Operationalization of Violence
We are concerned with the operationalization of violence in many studies. The public is mainly concerned with the type of violence that rises to the occasion of injury and serious harm. In some studies, such as the National Youth Survey, the use of some scales results in the prevalence of violence being higher than the prevalence of minor crimes such as theft, which indicates that the data are capturing minor acts of violence that may be of little concern to society at large or the criminal justice system. We believe it would be quite difficult to predict minor violence, such as fighting between siblings, and we are not interested in doing so. We recommend that the operationalization of violence take this distinction into consideration and that more researchers collect data that capture the quality of violence.
In offender studies, “violence” is usually operationalized with a dummy code: violent offender vs. nonviolent offender.
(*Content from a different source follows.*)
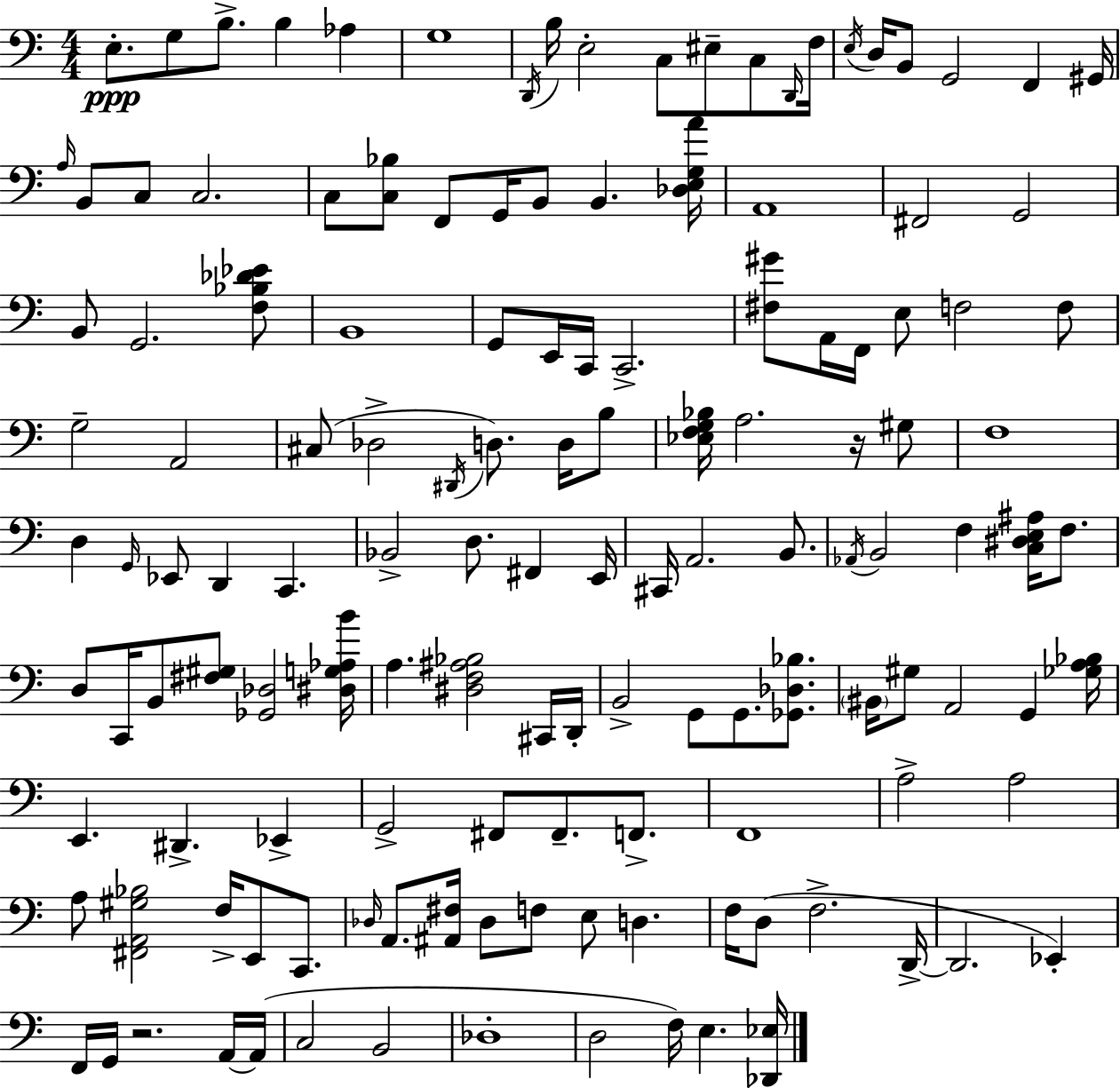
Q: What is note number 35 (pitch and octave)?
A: B2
If researchers wish to compare violent to nonviolent offenders, it is important to make assurances that the “nonviolent” offenders are truly nonviolent people. Just because an offender’s current offense is a nonviolent offense does not mean that individual has no history of violence. In a small number of studies reviewed by us, the authors ensure that the comparison is “pure,” but in many cases, this is not true. This may lead to a type II error, missing an effect that does exist.
Another potential problem with offender studies is that people are not chosen at random from the population of violent and nonviolent offenders for arrest, processing and incarceration. For example, prison samples are likely to have more one-time violent offenders than one-time nonviolent offenders, as severity of the offense and criminal history are weighed in the sentencing process. The ages of violent and nonviolent offenders and their races or other characteristics may differ. If these differences are correlated with potential “causes” of violence, then a simple comparison of violent to nonviolent offenders may be confounded.
A third problem arises when the “cause” of violence being tested is more likely to result in one type of arrest over another. In this book, this arises most obviously in the area of drug use and crime. If drug use itself is a crime, and being arrested for drug possession or trafficking counts as a nonviolent crime, then the data will identify a greater proportion of nonviolent offenders as “drug users” than were caused by drug use to commit nonviolent crime. In this way, the data will make it appear that an association between drug use and nonviolent offending exists, but for some or many, that association will not be in the right causal direction.
If this is the case, then the difference in prevalence of drug users among violent and nonviolent offenders will not be as large as it should be, again leading to a type II error. Further, this problem will arise in different measure across places and samples, due to differences in enforcement.